Se objetaría la excepción del flechazo: lo que le pasa a Romeo; pero, además de que en esas situaciones no tan comunes hay razones de contexto que dan que pensar (aquí la atracción del joven por una chica imposible, al pertenecer a la familia enemiga), hay que observar que ese rápido enamoramiento no desemboca dos minutos después en un coito apresurado: también requiere su tiempo, sus difericiones. Hay mayor velocidad, pero respetando secuencia. No se saltean pasos en procura de una satisfacción inmediata, solo se acortan los lapsos o se eluden las formalidades más ceremoniales, como cuando una pareja decide irse a vivir juntos a los pocos meses de conocerse.
Literalmente, lo que la paciente describe es la búsqueda de una relación con un objeto, la mujer en este caso, no la relación -corta o larga, fugaz o duradera- con otra persona. Las actuales condiciones culturales, fruto de una extensa historia, han desembocado en facilitar al máximo la objetalización del partenaire, reduciendo su coeficiente de alteridad. Justo cuando por otros lados tanto se ansía la diferencia.

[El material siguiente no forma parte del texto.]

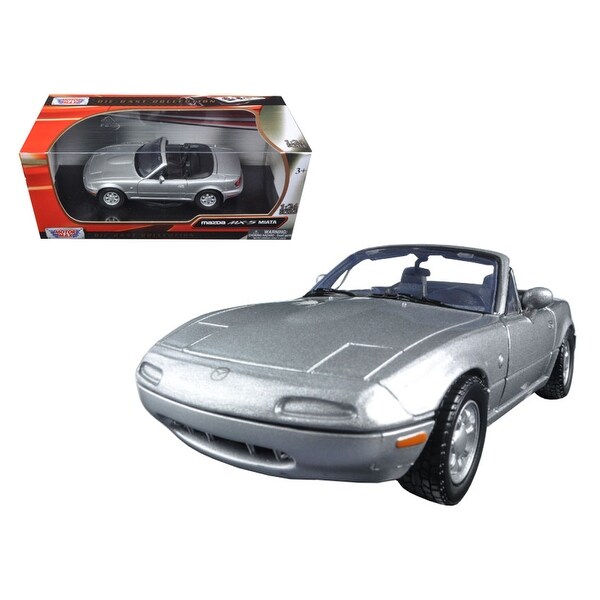 Mazda MX-5 Convertible 1:43 Scale Model Car Diecast Gift Toy Vehicle Dark Green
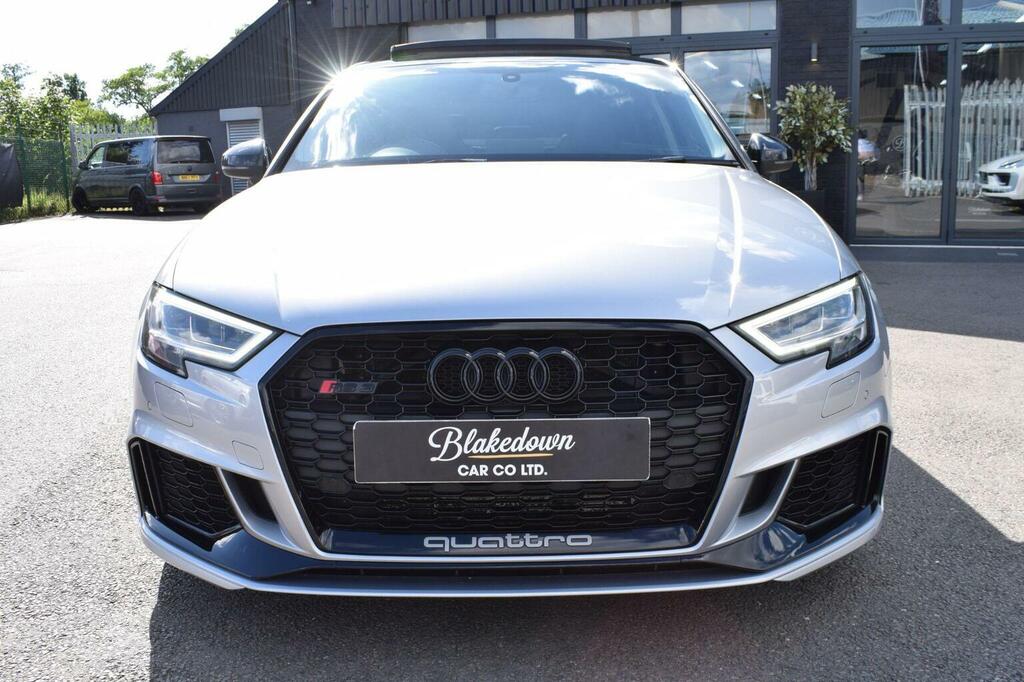 Audi RS3 Saloon 2.5 Tfsi Audi Sport Edition S Tronic Quattr WU69FWN Silver #2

Un enorme efecto de todo esto es la banalización extrema de la sexualidad. Como si dijéramos que el erotismo sin una pizca de amor se desintegra, se desmigaja rápidamente. Otro paciente, un hombre joven también, contaba su visión del coito como algo muy aburrido, reiterativo, de escasas variaciones, lo que tenía mucho que ver o todo que ver con su enorme dificultad para amar a una mujer, para enamorarse de ella. Entonces describía aquella situación como un repertorio de combinaciones mecánicas, lo cual estaba relacionado con cierta modalidad autista de fondo, poco evidente a la vista.
Como para revalorizar las antiguas represiones, los obstáculos, las interdicciones que padecía en otro tiempo el amor fuera de los cánones de normalidad social. No porque deseáramos retornar a ellos, sí para apreciar su papel en la constitución de ese oposicionamiento sin el cual el otro no se constituye como tal. De hecho, cuando encontramos hoy parejas de larga data donde lo erótico está viviente, solemos escuchar una historia sembrada de ciertas y largas dificultades para lograr su meta de vivir juntos, como por ejemplo borrascosas relaciones previas, guerras de separación, etc.; digamos, dificultades existenciales que pusieron a prueba el amor y lo fortalecieron. No faltan en casos así ni siquiera baches en la trayectoria misma del estar juntos, distanciamientos y reencuentros que los tuvieron como condición, volviéndose a descubrir como otros.
Cabe el comentario de Winnicott relativo a que al amamantarse sin discontinuidades el bebé se satisface además de nutrirse, pero a la par todo ese proceso poco y nada aporta a descubrir a la madre en tanto otra. Sí lo descubre cuando choca contra un deseo de ella de otra cosa que él mismo, o de una intervención materna que no le aporta placer inmediato y fácil sino tener que esperar o que renunciar.